Filtering the “picapes_auto” dataset to contain only automatic pickups

picapes_auto <- filter(picapes_auto, cambio %in% c("Automática"))

Looking at the observations for each “estado_vendedor”(selling state)

vendas_por_estado <- picapes_auto %>%
  group_by(estado_vendedor) %>%
  summarize(volume_vendas = n()) %>%
  arrange(desc(volume_vendas))
vendas_por_estado
## # A tibble: 18 × 2
##    estado_vendedor          volume_vendas
##    <chr>                            <int>
##  1 São Paulo (SP)                    1712
##  2 Paraná (PR)                        348
##  3 Rio de Janeiro (RJ)                318
##  4 Santa Catarina (SC)                283
##  5 Minas Gerais (MG)                  211
##  6 Rio Grande do Sul (RS)             198
##  7 Goiás (GO)                         102
##  8 Bahia (BA)                          68
##  9 Pernambuco (PE)                     14
## 10 Alagoas (AL)                        12
## 11 Acre (AC)                            6
## 12 Mato Grosso (MT)                     6
## 13 Mato Grosso do Sul (MS)              5
## 14 Sergipe (SE)                         5
## 15 Paraíba (PB)                         4
## 16 Piauí (PI)                           4
## 17 Tocantins (TO)                       3
## 18 Rio Grande do Norte (RN)             1

Obtaining the lowest price for each “estado_vendedor”
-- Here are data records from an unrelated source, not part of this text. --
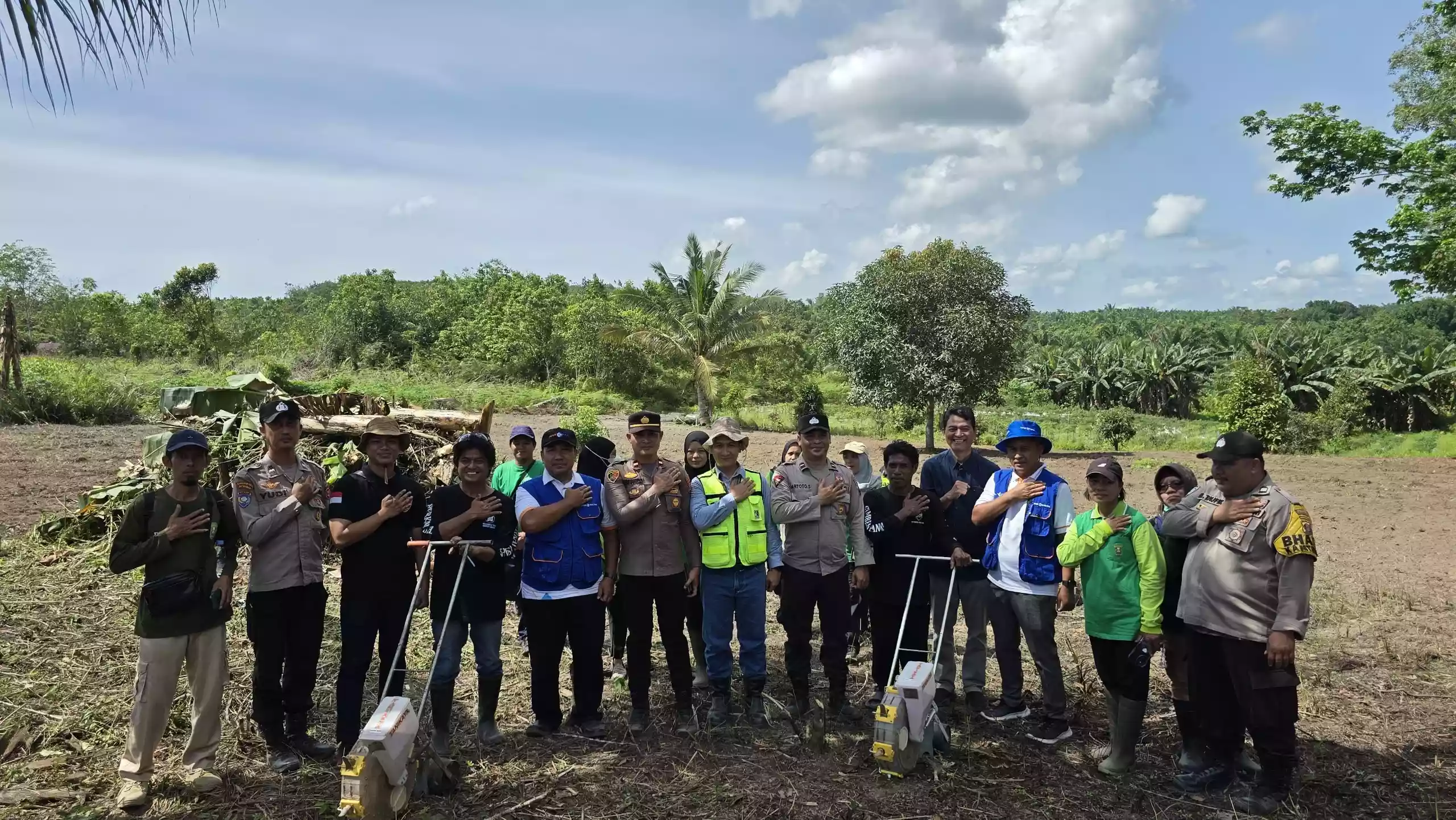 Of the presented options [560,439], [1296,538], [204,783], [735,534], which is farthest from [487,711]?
[1296,538]

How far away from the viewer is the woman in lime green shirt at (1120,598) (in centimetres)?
398

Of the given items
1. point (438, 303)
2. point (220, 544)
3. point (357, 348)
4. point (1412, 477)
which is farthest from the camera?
point (438, 303)

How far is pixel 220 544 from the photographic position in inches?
155

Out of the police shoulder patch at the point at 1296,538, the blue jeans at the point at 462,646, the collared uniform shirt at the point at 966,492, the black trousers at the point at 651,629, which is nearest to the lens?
the police shoulder patch at the point at 1296,538

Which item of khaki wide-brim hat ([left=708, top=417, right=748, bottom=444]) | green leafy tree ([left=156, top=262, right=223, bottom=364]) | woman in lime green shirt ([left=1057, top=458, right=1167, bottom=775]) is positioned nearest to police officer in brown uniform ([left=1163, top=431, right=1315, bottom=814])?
woman in lime green shirt ([left=1057, top=458, right=1167, bottom=775])

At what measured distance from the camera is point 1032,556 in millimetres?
4414

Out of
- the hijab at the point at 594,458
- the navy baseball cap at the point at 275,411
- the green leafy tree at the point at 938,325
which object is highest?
the green leafy tree at the point at 938,325

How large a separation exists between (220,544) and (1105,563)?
4167mm

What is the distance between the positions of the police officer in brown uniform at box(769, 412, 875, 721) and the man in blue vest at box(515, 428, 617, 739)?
95 cm

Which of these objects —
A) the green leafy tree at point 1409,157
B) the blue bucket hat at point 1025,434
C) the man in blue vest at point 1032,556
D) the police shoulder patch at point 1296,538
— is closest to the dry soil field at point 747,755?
the man in blue vest at point 1032,556

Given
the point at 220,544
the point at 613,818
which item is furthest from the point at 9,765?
the point at 613,818

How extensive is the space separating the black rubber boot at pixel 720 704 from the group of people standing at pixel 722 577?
1 centimetres

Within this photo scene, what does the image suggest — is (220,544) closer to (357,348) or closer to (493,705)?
(493,705)

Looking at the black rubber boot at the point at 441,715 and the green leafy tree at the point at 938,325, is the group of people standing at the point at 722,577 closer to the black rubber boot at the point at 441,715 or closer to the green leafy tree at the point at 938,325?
the black rubber boot at the point at 441,715
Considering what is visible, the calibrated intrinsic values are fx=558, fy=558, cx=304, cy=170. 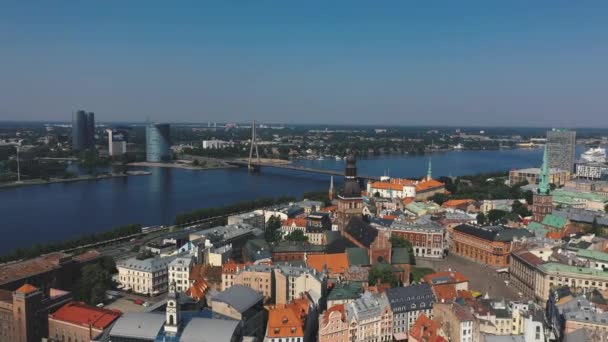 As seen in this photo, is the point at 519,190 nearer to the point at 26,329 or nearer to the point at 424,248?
the point at 424,248

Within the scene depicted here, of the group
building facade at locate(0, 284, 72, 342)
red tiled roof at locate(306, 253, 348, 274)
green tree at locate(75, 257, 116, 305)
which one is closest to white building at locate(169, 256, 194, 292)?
green tree at locate(75, 257, 116, 305)

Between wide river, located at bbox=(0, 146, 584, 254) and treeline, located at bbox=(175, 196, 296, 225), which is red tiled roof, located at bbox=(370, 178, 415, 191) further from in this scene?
treeline, located at bbox=(175, 196, 296, 225)

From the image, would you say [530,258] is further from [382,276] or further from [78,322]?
[78,322]

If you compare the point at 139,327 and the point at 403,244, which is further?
the point at 403,244

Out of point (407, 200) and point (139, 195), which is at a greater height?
point (407, 200)

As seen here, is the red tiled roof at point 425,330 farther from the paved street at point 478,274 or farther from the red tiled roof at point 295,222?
the red tiled roof at point 295,222

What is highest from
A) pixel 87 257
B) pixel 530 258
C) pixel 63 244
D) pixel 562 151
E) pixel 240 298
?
pixel 562 151

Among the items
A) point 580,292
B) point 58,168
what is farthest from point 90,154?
point 580,292

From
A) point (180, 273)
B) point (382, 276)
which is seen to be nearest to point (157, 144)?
point (180, 273) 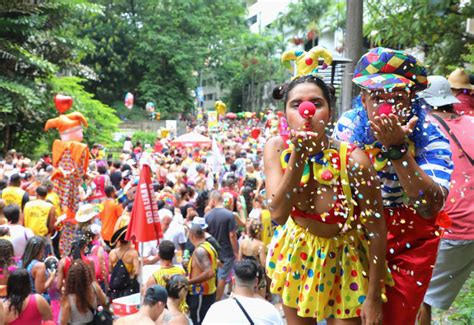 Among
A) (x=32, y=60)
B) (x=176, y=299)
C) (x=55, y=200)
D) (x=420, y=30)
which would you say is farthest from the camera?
(x=32, y=60)

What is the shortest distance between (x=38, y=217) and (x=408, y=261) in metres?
7.52

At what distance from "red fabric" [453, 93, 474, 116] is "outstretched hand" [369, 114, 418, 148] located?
235 centimetres

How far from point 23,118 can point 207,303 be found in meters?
16.7

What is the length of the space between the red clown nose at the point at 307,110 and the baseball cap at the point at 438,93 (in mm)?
1575

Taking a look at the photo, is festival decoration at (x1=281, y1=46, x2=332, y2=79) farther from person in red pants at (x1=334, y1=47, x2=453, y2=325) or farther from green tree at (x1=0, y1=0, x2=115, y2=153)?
green tree at (x1=0, y1=0, x2=115, y2=153)

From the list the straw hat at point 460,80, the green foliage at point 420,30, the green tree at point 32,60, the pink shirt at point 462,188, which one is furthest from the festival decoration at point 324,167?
the green tree at point 32,60

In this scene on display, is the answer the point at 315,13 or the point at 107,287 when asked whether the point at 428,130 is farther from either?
the point at 315,13

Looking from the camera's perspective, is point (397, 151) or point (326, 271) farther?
point (326, 271)

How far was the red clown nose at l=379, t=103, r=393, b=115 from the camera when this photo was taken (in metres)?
2.89

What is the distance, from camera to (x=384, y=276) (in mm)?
2982

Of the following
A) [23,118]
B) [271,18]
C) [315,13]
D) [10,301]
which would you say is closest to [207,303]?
[10,301]

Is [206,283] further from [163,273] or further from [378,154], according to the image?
[378,154]

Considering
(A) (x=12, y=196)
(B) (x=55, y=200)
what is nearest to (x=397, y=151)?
(A) (x=12, y=196)

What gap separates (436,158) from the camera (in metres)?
3.06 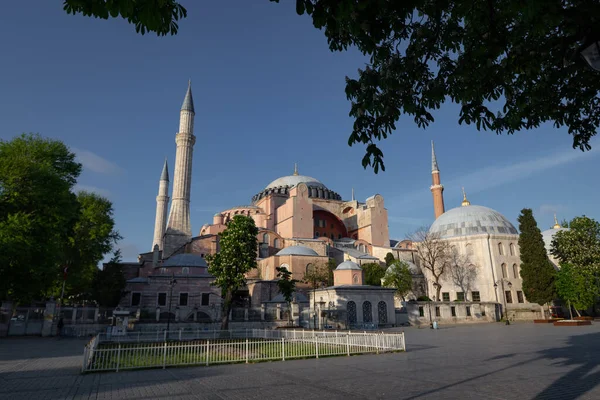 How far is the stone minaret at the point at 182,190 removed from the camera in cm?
4516

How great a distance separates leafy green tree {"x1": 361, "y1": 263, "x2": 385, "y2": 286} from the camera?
42.5 m

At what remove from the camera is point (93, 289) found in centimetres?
3509

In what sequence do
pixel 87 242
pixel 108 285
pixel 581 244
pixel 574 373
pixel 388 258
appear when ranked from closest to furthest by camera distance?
pixel 574 373 → pixel 87 242 → pixel 108 285 → pixel 581 244 → pixel 388 258

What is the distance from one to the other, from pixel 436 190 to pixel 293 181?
2409 centimetres

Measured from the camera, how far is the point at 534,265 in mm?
38594

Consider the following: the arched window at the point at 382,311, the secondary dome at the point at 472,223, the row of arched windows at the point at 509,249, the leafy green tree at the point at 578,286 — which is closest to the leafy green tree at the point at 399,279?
the arched window at the point at 382,311

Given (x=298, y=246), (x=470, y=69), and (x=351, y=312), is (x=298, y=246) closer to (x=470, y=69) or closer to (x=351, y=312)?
(x=351, y=312)

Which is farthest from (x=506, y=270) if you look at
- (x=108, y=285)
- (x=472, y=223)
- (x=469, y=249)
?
(x=108, y=285)

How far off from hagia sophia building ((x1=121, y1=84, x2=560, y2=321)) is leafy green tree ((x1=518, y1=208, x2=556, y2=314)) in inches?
95.4

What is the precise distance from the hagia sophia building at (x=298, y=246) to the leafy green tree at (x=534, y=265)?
2.42m

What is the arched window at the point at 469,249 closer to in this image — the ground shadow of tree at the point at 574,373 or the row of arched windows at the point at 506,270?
the row of arched windows at the point at 506,270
menor_preco_por_estado <- picapes_auto %>%
  group_by(estado_vendedor) %>%
  summarize(menor_preco = min(preco)) %>%
arrange(menor_preco)
menor_preco_por_estado
## # A tibble: 18 × 2
##    estado_vendedor          menor_preco
##    <chr>                          <dbl>
##  1 São Paulo (SP)                15953.
##  2 Rio de Janeiro (RJ)           26730.
##  3 Paraná (PR)                   33475.
##  4 Rio Grande do Sul (RS)        40222.
##  5 Santa Catarina (SC)           41525.
##  6 Mato Grosso do Sul (MS)       51084.
##  7 Alagoas (AL)                  52207.
##  8 Acre (AC)                     56453.
##  9 Minas Gerais (MG)             58014.
## 10 Bahia (BA)                    61530.
## 11 Goiás (GO)                    72266.
## 12 Paraíba (PB)                  73224.
## 13 Pernambuco (PE)               75521.
## 14 Tocantins (TO)               121773.
## 15 Piauí (PI)                   147847.
## 16 Mato Grosso (MT)             167592.
## 17 Rio Grande do Norte (RN)     179962.
## 18 Sergipe (SE)                 233540.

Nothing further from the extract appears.